From these questions and assertions sprouted the groWorld initiative, a long-term inquiry into human-plant interactions and their effect on the longevity of human culture. The people of FoAM — a distributed laboratory for speculative culture — initiated groWorld to “minimise borders and maximise edges” between the man-made and the vegetal. In these zones of liminality and ambiguity, groWorld abets “unholy alliances” between contemporary culture and cultivation, building and growing, botany and technology. Inspired by the way in which plant species propagate – spanning multiple temporal layers – the initiative encompasses both long- and short-term explorations. The slow processes of cultural adaptation and plant cultivation are researched across several decades, through observation and interaction. At the same time, quick technological and social changes are incorporated through techno-artistic experiments in three interconnected branches: {sym}, {bio} and {sys}. The {sym} branch looks at how human culture can be infused with vegetal characteristics: in botanical fiction, plant games, active materials, and responsive environments. The {bio} branch is about a direct collaboration with plants, using age-old techniques of foraging and gardening and seeing cities as edible landscapes for humans and non-humans. Finally, {sys} deals with botanically-inspired technologies that can help humans engage with plants beyond the physical level, through sensing, perception and perhaps even communication.

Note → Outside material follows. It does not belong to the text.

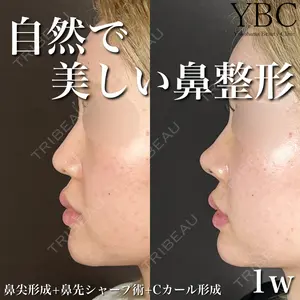 YBC横浜美容外科 大宮院の症例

Through a cross-fertilisation of {sym}{bio}{sys}, groWorld merges digital culture with environmentalism. Both approaches promote empowerment of trans-local communities and are rooted in self-reliant maker-cultures, yet they don’t often mingle. groWorld encourages their interaction by bringing programmers and gardeners, gamers and botanists together on the common ground of the arts. Together, they create hybrids of gardening and technology, or narrative realities where human and vegetal can merge into a unified, hybrid culture.

From planetary to human scale: responsive environments

groWorld sprouted from conversations between artists, engineers and activists at the Burning Man Festival in Nevada in 1999. In the heat of the scorched desert, under the shade of the looming millennium, our futures seemed riddled with insurmountable dilemmas. What should we carry over into the next century? Would we still be the guardians of our own skin, or would we fall under a portfolio of patents, together with rice and ancient medicinal plants? Will humans still be around in next ten thousand years? Will we walk through fertile jungles, majestic forests and buzzing meadows, or will we live underground — below sterile deserts and toxic swamps? Could we escape to outer space? Will we reach the stars? All of these questions were about events on a planetary scale that spanned glacial time, that made us wonder how any of our individual contributions could make a difference. Who isn’t tired of being chastised for not doing enough for the environment, or apathetic when one doesn’t perceive any desired effects in one’s own lifetime? We were thirsty for a sense that our presence in the world matters and that the effects of our actions could be shared with others, as proposed in the theory of consilience (Wilson 1998) and the practice of urban gardening (Wilson 1999).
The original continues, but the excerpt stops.